All You Need

Joe and Rudy walked our neighborhood most afternoons. Joe usually in flannel and tweed, his stooped progress steadied with help of a cane. Rudy at his feet taking ten steps to Joe’s one, matching the measured cadence in spritely rhythm; the perennial energy of a Yorkie belying his age. Truth be told, I don’t know exactly how old either of them was, but guessed they had spent the better part of the last score of years together.

The time of Joe and Rudy was about the time we got Oliver. From the beginning, our daily forays with Ollie mimicked Joe and Rudy’s path. I sometimes watched the two elders from behind, the haphazard ball of puppyhood at the end of my leash a glaring contrast to their dignified roving. I wondered if there would ever be a day when we would forego the leash like Rudy and Joe. Rudy’s only priority was to be near Joe, period. When Joe stopped, so did Rudy, and when he resumed, Rudy did likewise, always untethered but never more than a snuffle away. Such single-minded loyalty in a dog was impressive to me, and I wondered what it took to get to that point, where a walk around the village in each other’s good company was of singular enjoyment and the only goal.

Years have passed since then, and Ollie is nearly twelve. We’ve been on scads of adventures in countless places, but our walks around the neighborhood remain mostly unchanged. Same path, same general time of day and twice on most. Our conservative calculations log us close to 3,000 miles around the circuit in Ollie’s lifetime, and we’re still adding to that number – walking Joe and Rudy’s way.

And guess what?

We don’t really use the leash anymore.

It seems now, that a walk in each other’s good company is all we need.

Maybe Don’t Blink

The days are endless but the years fly by.

I was about to enter those words as my comment to someone else’s post but thought the better of it. They have become my slice, instead.

The days are endless but the years fly by.

This is the best description of parenthood that I know.

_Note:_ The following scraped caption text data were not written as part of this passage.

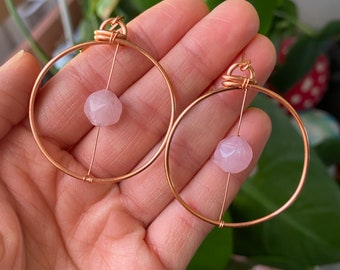 Mini Hoops - Rose Quartz Earrings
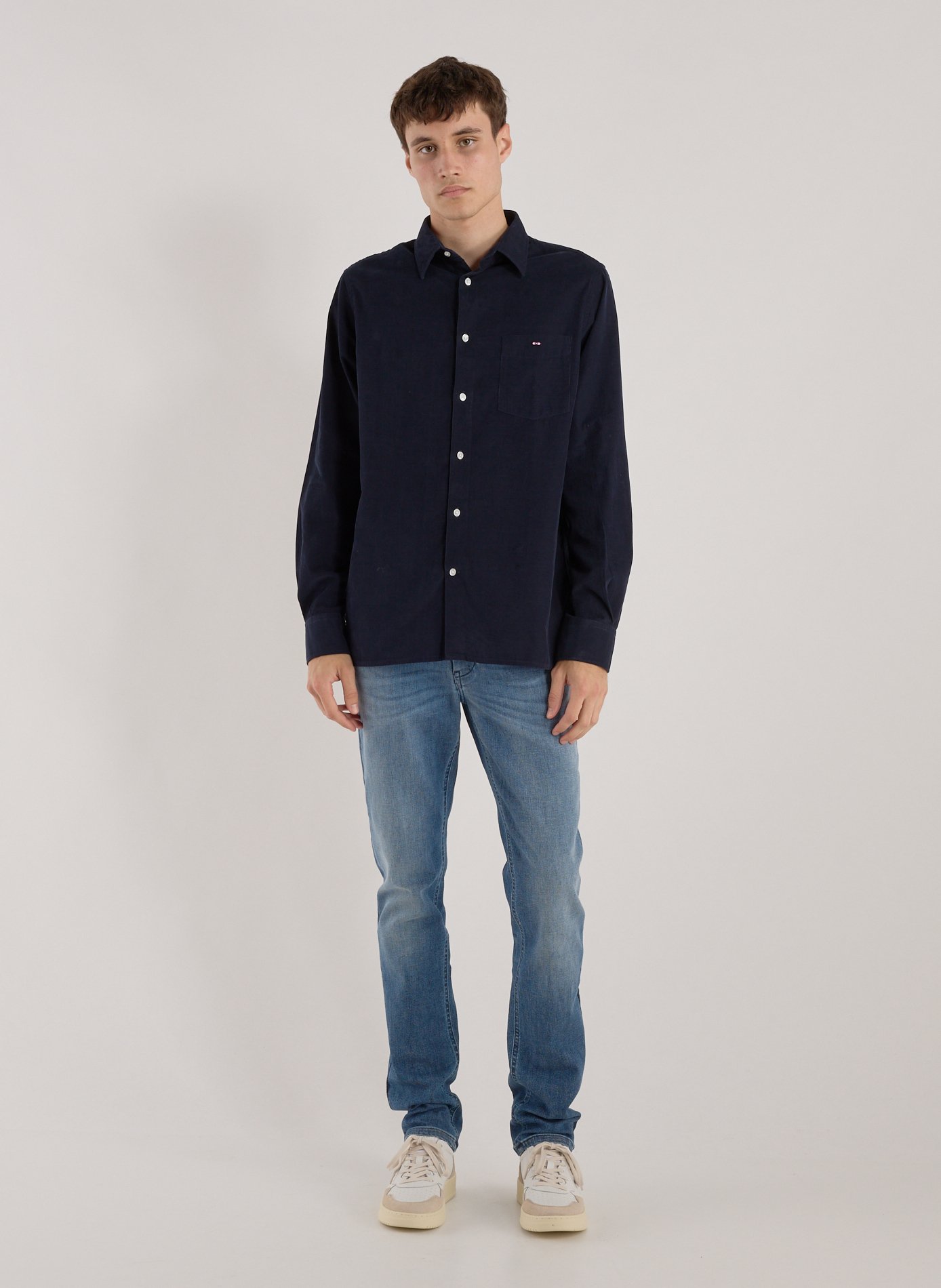 Chemise col classique manches contrastantes en coton EDEN PARK Blue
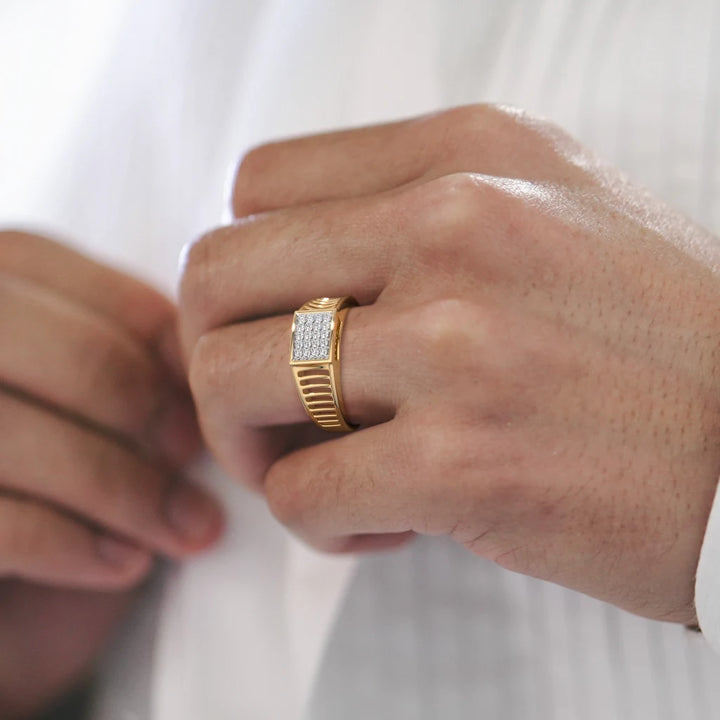 Round Lab Grown Diamond 14K Yellow Gold Men's Wedding Ring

When the kids are very young, days and nights blur into a fogginess that knows no clear delineation. When parental sleep cycles eventually temper back to humane, the mornings still start before sun up and yet the work is never done, even when stretching to finish way past sundown, folding that last load or making one more sandwich for the morrow’s lunches. It’s a long time with long days.

Fast forward through those years of long days to high school. Everybody is “awake” and out the door by 6:45 a.m. and yet miraculously still up eighteen hours later, making pizza or baking cookies at midnight. Same hours as in infancy, but the bodies are much bigger, and louder. It’s a long time with long days.

Now, the house is nearly empty and time moves differently. The kids are young adults – two teachers and a plumber, and our hours are mostly our own. We can almost rise and set with the sun, if we choose to.

The days were endless and the years flew by.

We seem to have gotten where we are in the blink of an eye.

Now, the years slide together and the days have slowed to – just right.

Just right to look back and wonder how we got here so darn fast.